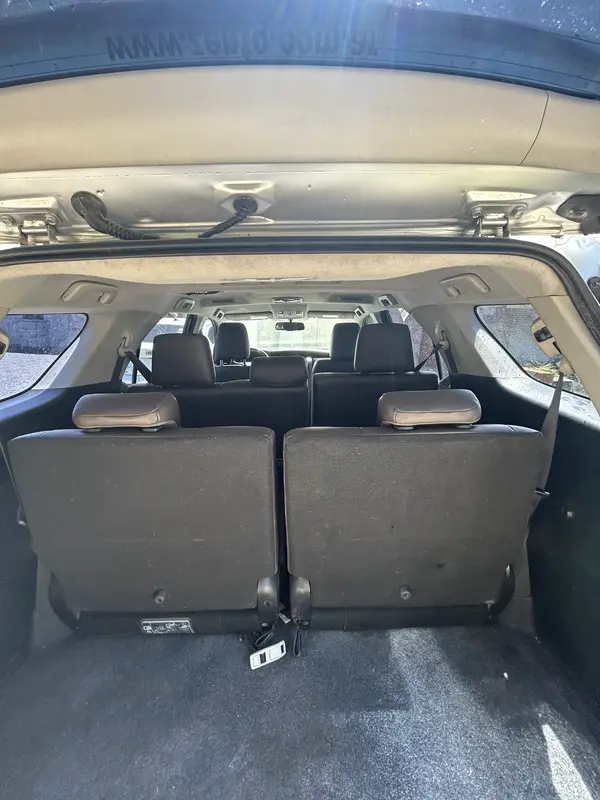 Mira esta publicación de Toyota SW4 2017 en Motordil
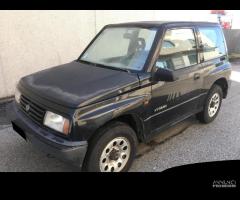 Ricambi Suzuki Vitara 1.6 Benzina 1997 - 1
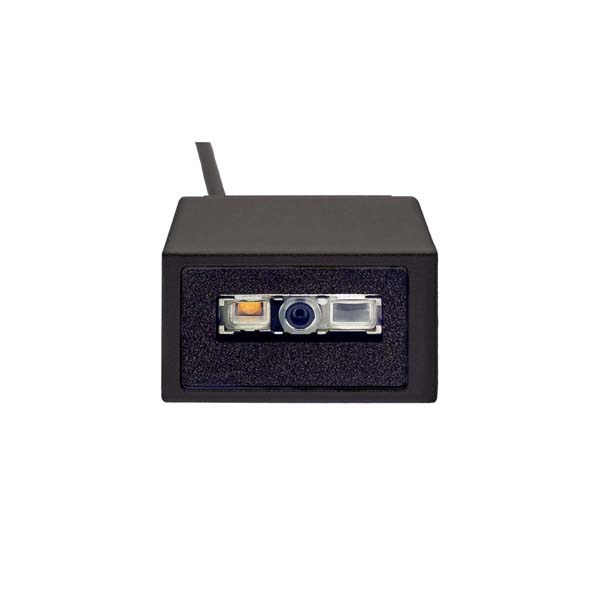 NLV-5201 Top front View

...

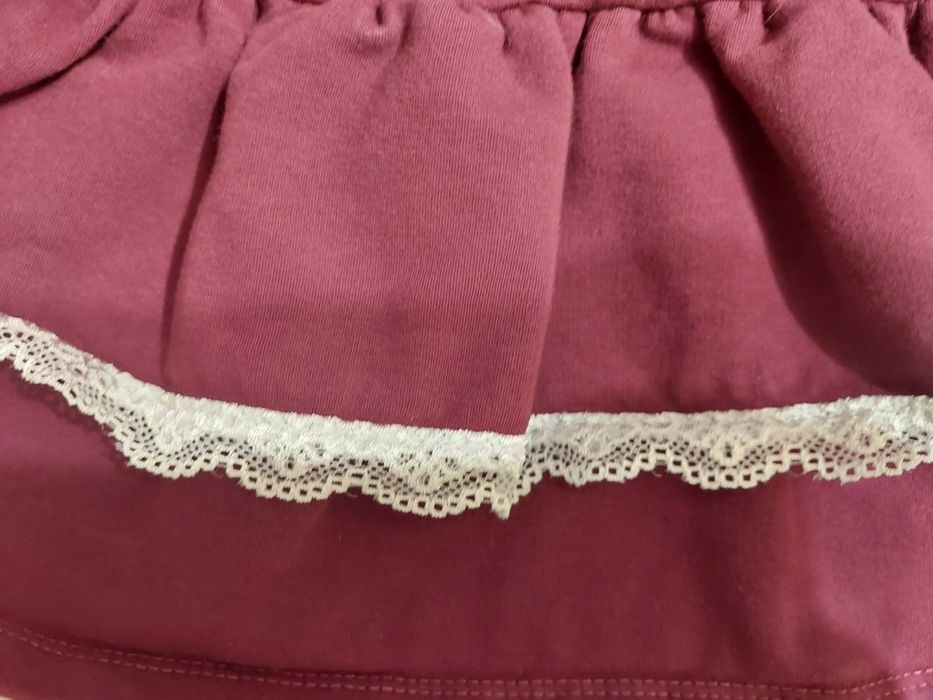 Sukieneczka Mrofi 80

_Task to complete_
Write back the stretch of lines above that begins with the line holding "Ricambi Suzuki Vitara 1.6 Benzina 1997 - 1" and ends with the line holding "NLV-5201 Top front View", both included, exactly as written. Pictures stay out.

_Response to the task_
 Ricambi Suzuki Vitara 1.6 Benzina 1997 - 1
 NLV-5201 Top front View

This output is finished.